Pancreatic fistula is a leading cause of morbidity and mortality after pancreaticoduodenectomy, occurring in 10% to 20% of patients. Nonrandomized reports have suggested that pancreaticogastrostomy is less likely than pancreaticojejunostomy to be associated with postoperative complications.


Between May 1993 and January 1995, the findings for 145 patients were analyzed in this prospective trial at The Johns Hopkins Hospital. After giving their appropriate preoperative informed consent, patients were randomly assigned to pancreaticogastrostomy or pancreaticojejunostomy after completion of the pancreaticoduodenal resection. All pancreatic anastomoses were performed in two layers without pancreatic duct stents and with closed suction drainage. Pancreatic fistula was defined as drainage of greater than 50 mL of amylase-rich fluid on or after postoperative day 10.

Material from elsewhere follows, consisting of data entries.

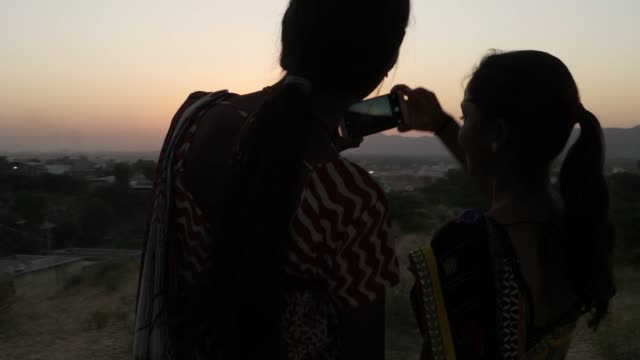 Two-women-silhouette-against-the-setting-sun-mobile-phone-photo-video-teamwork-romantic-viewpoint-love-bonding-together-tourist-rural-setting-friends-handheld-stabilized-lovers-follow--escape-surreal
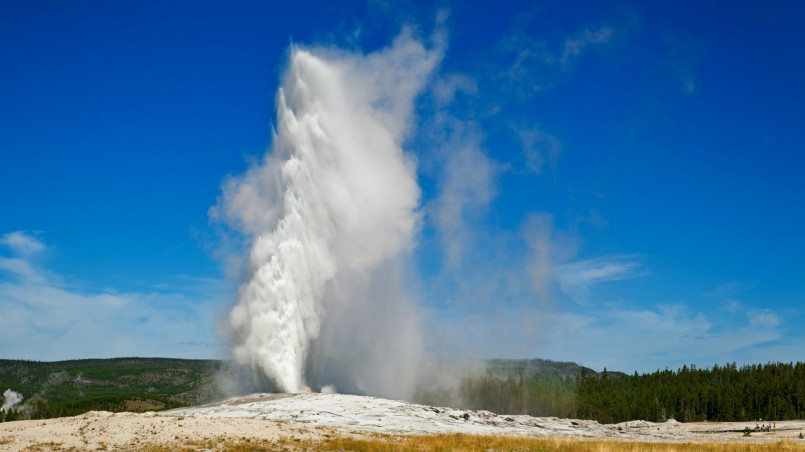 Old Faithful geyser erupting with a large plume of steam and water against blue sky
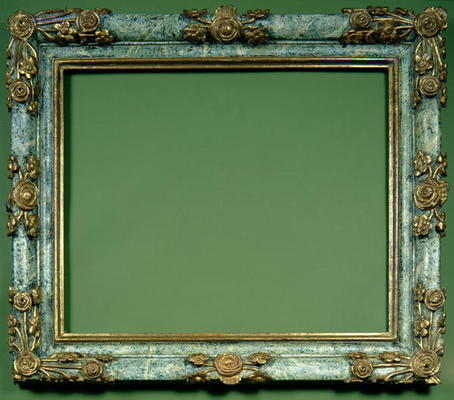 North Italian carved and gilded frame, the marblised ovolo profile carved to the corners and centres à 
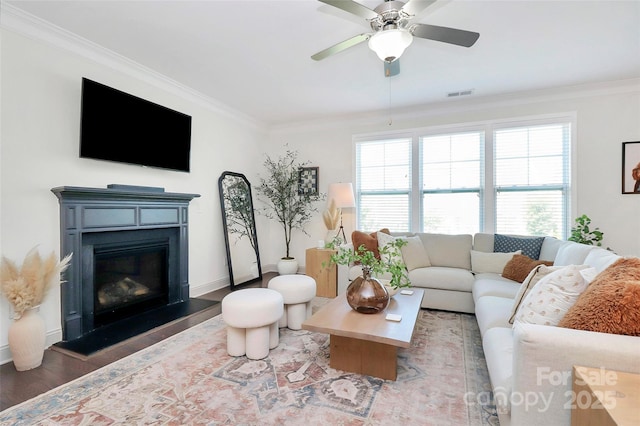 8916 Inverness Bay Rd, Charlotte, NC 28278 - living room featuring a glass covered fireplace, ornamental molding, wood finished floors, ceiling fan, and baseboards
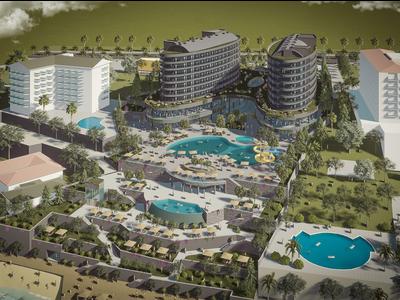 Vista aerea di un complesso turistico con più edifici, piscine e aree paesaggistiche.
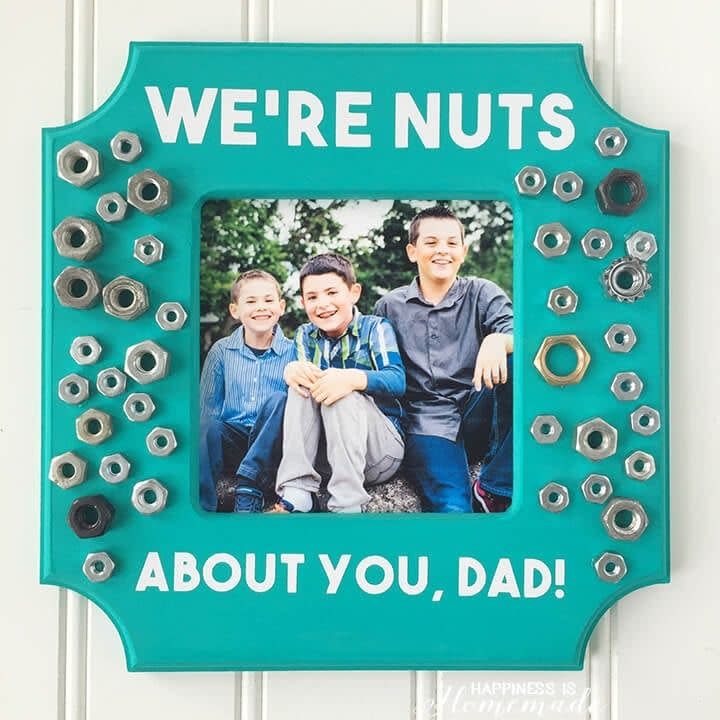 a frame with metal nuts of various sizes glued to it the frame has a message that says we're nuts about you dad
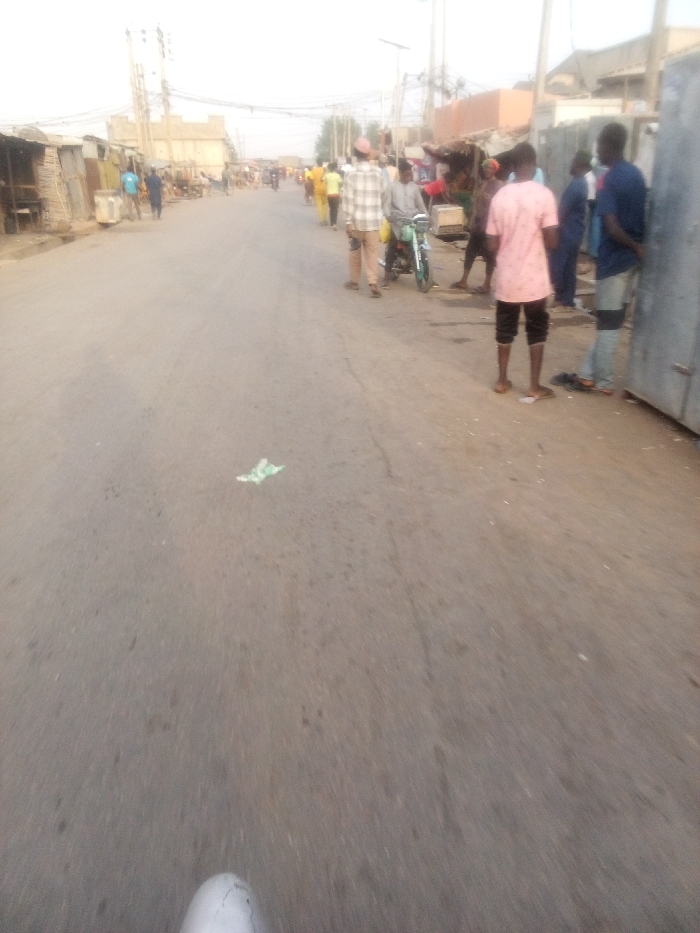 A straight asphalt road runs through a town. On both sides, various people are walking and standing. One man is on a small motorcycle. Some buildings and shops line the edges of the road, with utility poles visible in the distance. Litter lies on the road. The overall lighting suggests either early morning or late afternoon.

The pancreaticogastrostomy (n = 73) and pancreaticojejunostomy (n = 72) groups were comparable with regard to multiple parameters, including demographics, medical history, preoperative laboratory values, and intraoperative factors, such as operative time, blood transfusions, pancreatic texture, length of pancreatic remnant mobilized, and pancreatic duct diameter. The overall incidence of pancreatic fistula after pancreaticoduodenectomy was 11.7% (17/145). The incidence of pancreatic fistula was similar for the pancreaticogastrostomy (12.3%) and pancreaticojejunostomy (11.1%) groups. Pancreatic fistula was associated with a significant prolongation of postoperative hospital stay (36 +/- 5 vs. 15 +/- 1 days) (p < 0.001). Factors significantly increasing the risk of pancreatic fistula by univariate logistic regression analysis included ampullary or duodenal disease, soft pancreatic texture, longer operative time, greater intraoperative red blood cell transfusions, and lower surgical volume (p < 0.05). A multivariate logistic regression analysis revealed the factors most highly associated with pancreatic fistula to be lower surgical volume and ampullary or duodenal disease in the resected specimen.


Pancreatic fistula is a common complication after pancreaticoduodenectomy, with an incidence most strongly associated with surgical volume and underlying disease. These data do not support the hypothesis that pancreaticogastrostomy is safer than pancreaticojejunostomy or is associated with a lower incidence of pancreatic fistula.